People whose minds are not limited to the restrictions we developers "know" about technology will have ideas that go beyond those restrictions and innovations. Then we'll find out that those restrictions maybe aren't so solid, and we start to push the boundaries.
What I mean to say is, yes it can be annoying to have people talking about things they don't understand, but we need them in order to continue to innovate.
That being said, I'll share a story of the most annoying such encounter that I have come across:
There was this guy I was working with (not a software job), and we got onto the topic of our hobbies.
I said "I like coding".
He says, "Oh, I mostly like to do hacking"
I said, "Oh, cool! So how do you set up a lab so you're not doing anything illegal?"
And then things went south.
"Oh, I took apart my Kindle and turned the screen around so the Amazon logo shows up backwards. Now Amazon can't legally sue me."
🤦♂️ This is wrong on a number of levels
I don't remember what I said after that, but he ended up talking to me about "PI addresses", and how he knows "everything about hacking except the words".
Not a pleasant experience overall.
Depends. I hate when I hear something like "that doesn't take so much time" or "that is easy" from someone who cannot write "Hello, World!".
I was but I am not anymore ;D. Because these days I am lucky enough that I rarely gotta discuss code with non coders. And tbh a lot of coders often aren't better with their language religions.
But my favorite story was roughly 6 years ago, when a customer asked us to rewrite an application with bootstrap. But he didn't mean styling he actually meant the whole backend and everything in bootstrap :).

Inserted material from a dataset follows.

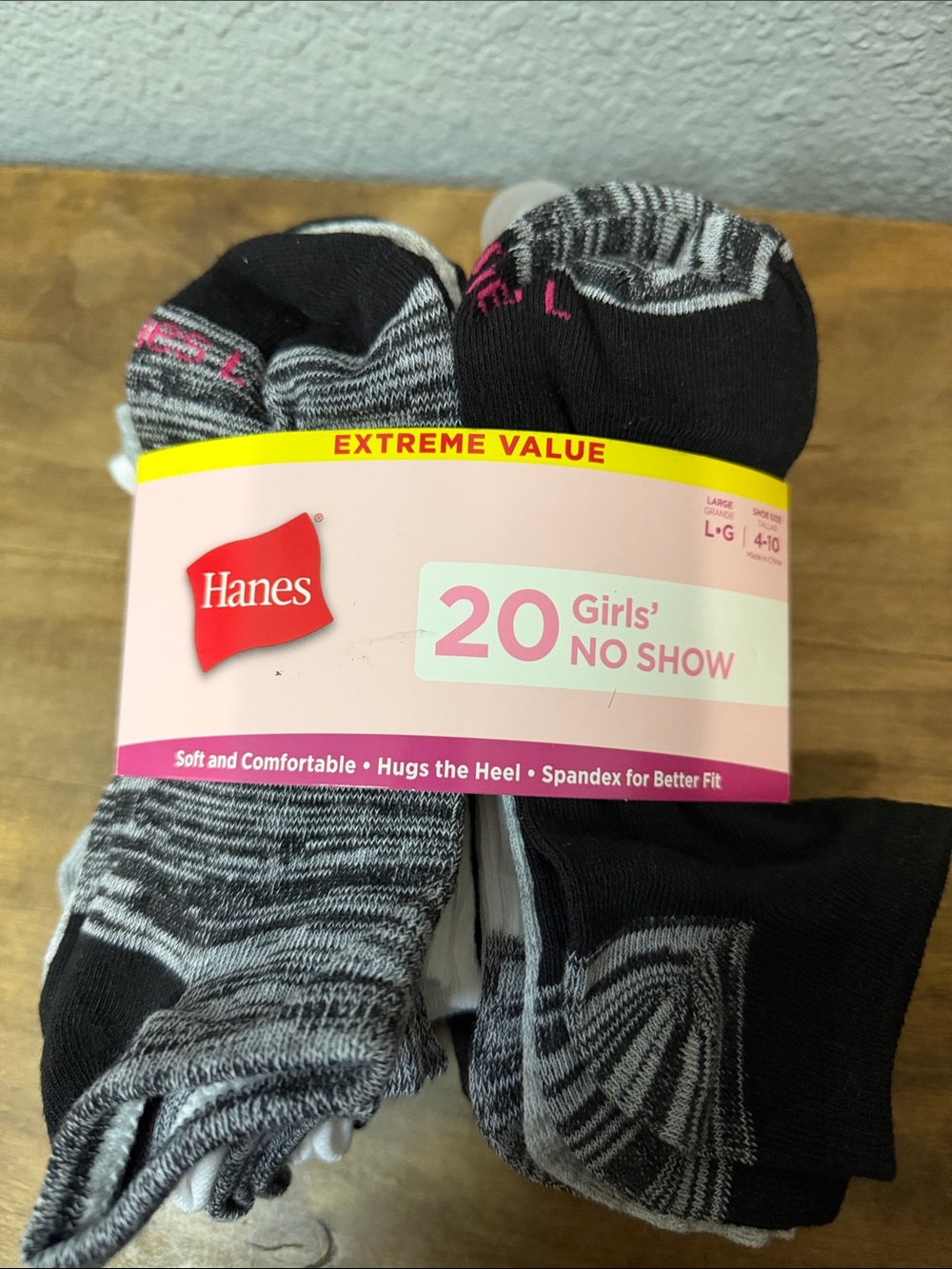 Hanes Girls' No-Show Socks - Black, Gray & Pink Accents (20 Pack)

There is no dearth of those individuals.. As UI/UX enthusiast, I got to face it very often(did I say, almost every week?) where the comments are not only on languages, stack etc.. but hilarious perceptions on usability, user context and way of doing things.
Caleb H.
Co-founder of High/Low
Gergely Polonkai
You have to believe in things that are not true. How else would they become?
Nowadays, i donʼt meet such people too often. If i do meet non-technical people, they are intelligent enough that they donʼt make such comments.
However, i had my fair share of getting these and, surprisingly enough, most of these people were managers at high tech companies. Except for a few cases i was lucky and my immediate manager had my back.
When i wasnʼt that lucky, i told these people that i hope they are right and i will finish said work in that short time or that small effort. In case I donʼt, though, I give myself a buffer so i can meet the deadlines and as a best case scenario we can go back to the clients with a solution faster than we promise.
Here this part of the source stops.